The task
Please repeat exactly the lines below from the line with "Now the question" to the line with "Whatever triangle that", including both, and leave out every picture.

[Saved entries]
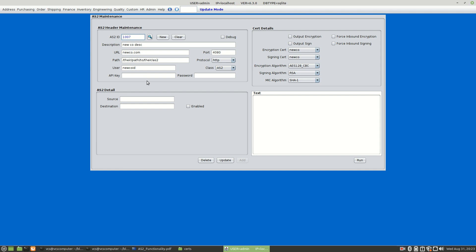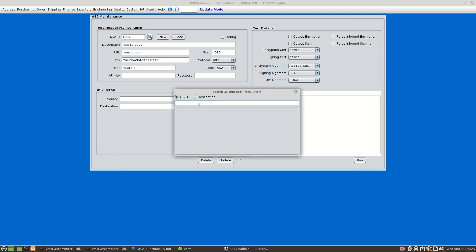AS2 can be very complex, particularly when it comes to firewalls. But once you have the config set up, 99% of your problems will be with firewalls, and once you've got past those, the transmissions will work like clockwork.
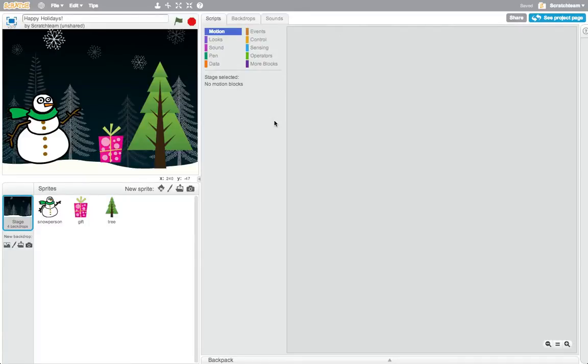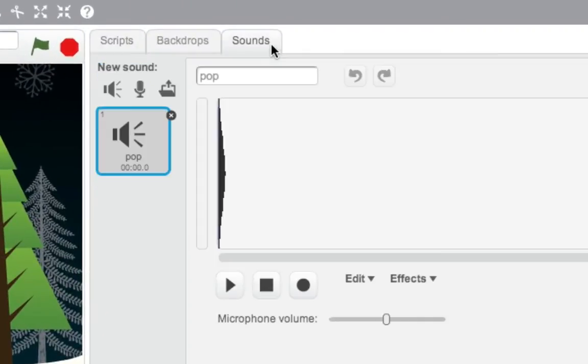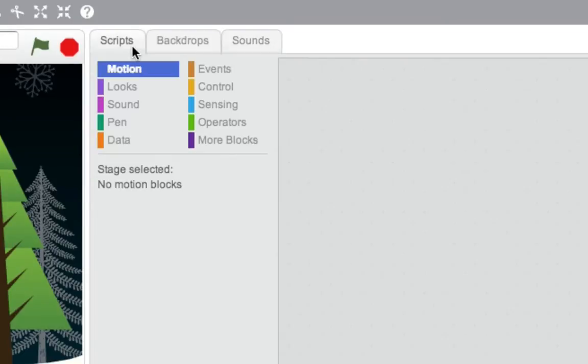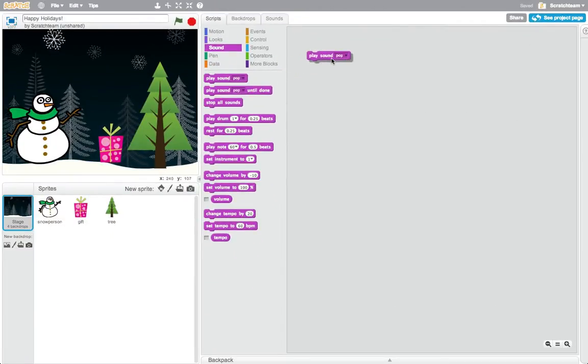To add sound to your card, first add an audio file to your project, and then program it to start by using the play sound or play sound until done.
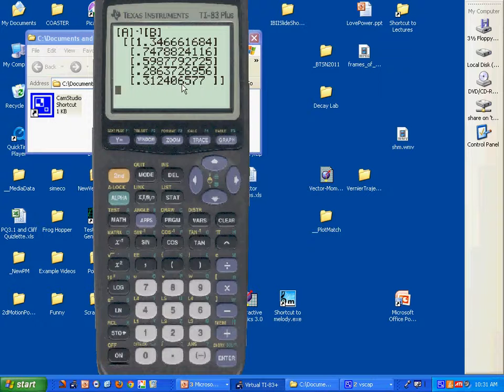Now the question is, how do you get the readings on the meters?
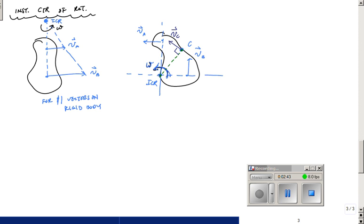Whatever triangle that helps me figure that out will be available to me, and the law of sines and law of cosines obviously come into play here. So those are two things you want to focus on: law of sines and law of cosines.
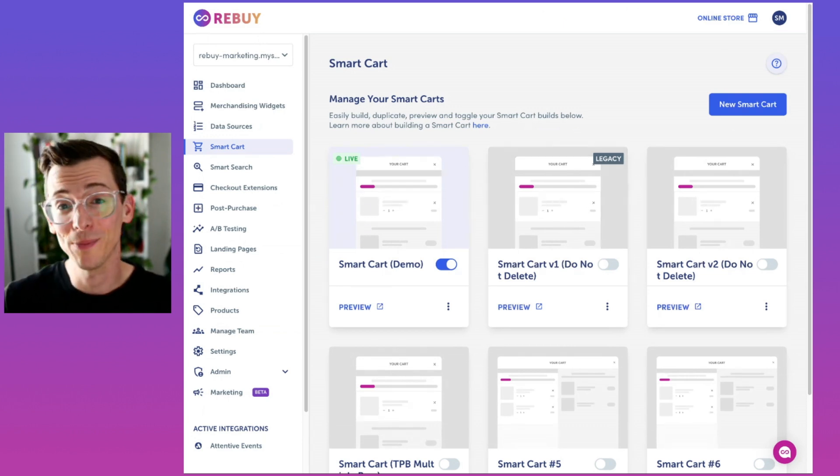These new updates to smart cart are available today. Simplify complexity and drive more revenue with the best shopping cart on Shopify that just keeps getting better. The ReBuy smart cart.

Exercise result
Now the question is, how do you get the readings on the meters?
Whatever triangle that helps me figure that out will be available to me, and the law of sines and law of cosines obviously come into play here. So those are two things you want to focus on: law of sines and law of cosines.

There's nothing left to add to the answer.